HLD, v. 28, n. 12 (December 2000)

U.S. Court in Pennsylvania Rules That ERISA Does Not Apply Extraterritorially

After being injured in a high speed boating accident, American Corey Snyder was rushed to a Montreal hospital and came under the care of Dr. Gilles Maurais. Snyder participated in a group healthcare plan issued to his employer, Highway Marines Services, by The Guardian Life Insurance Company ("Guardian"). After obtaining authorization for certain surgical procedures on Snyder, Maurais treated Snyder. Snyder was later transferred to a hospital in Philadelphia. Maurais sent a bill to Guardian for professional services in the amount of $75,750. After several months, Guardian sent a check to Snyder for $38,002, with an explanation of benefits stating that the payment concerned medical services provided by Maurais. Snyder deposited the check into his own account and used the funds for personal needs. Maurais sued Snyder and Guardian in federal district court in Pennsylvania, asserting claims against Snyder for implied contract, quantum meruit, unjust enrichment, conversion, and punitive damages, and against Guardian for implied contract and negligent misrepresentation. Guardian moved to dismiss the two state law claims against it for failure to state a claim, arguing that Snyder's plan with Guardian was governed by the Employee Retirement Income Security Act ("ERISA"), which pre-empted the state law claims.

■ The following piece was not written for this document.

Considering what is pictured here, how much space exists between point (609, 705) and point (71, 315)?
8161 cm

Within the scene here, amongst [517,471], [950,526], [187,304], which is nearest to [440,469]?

The U.S. District Court for the Eastern District of Pennsylvania denied the motion, holding that ERISA did not have extraterritorial application and was therefore inapplicable under the facts of this case. The court cited the EEOC v. Arabian Am. Oil Co., 499 U.S. 244 (1991), in which the U.S. Supreme Court found that Title VII did not apply to American citizens employed by American employers outside of the United States. In Arabian, the Court reasoned that "[i]t is a longstanding principle of American law 'that legislation of Congress, unless a contrary intent appears, is meant to apply only within the territorial jurisdiction of the United States.'" According to the Supreme Court, this creates a presumption against extraterritoriality unless there is a clearly expressed intent on the part of Congress to the contrary. In the instant case, the court found no language in ERISA that evinced a congressional intent to apply the statute extraterritorially; thus, the court determined that the presumption against extraterritoriality controlled. Because this case concerned an American citizen operated on in Canada by a Canadian surgeon, the court concluded that ERISA was inapplicable. Thus, the court denied Guardian's motion to dismiss.

Maurais v. Snyder, No. 00-2133, 2000 WL 1368024 (E.D. Pa. Sept. 14, 2000) (10 pages).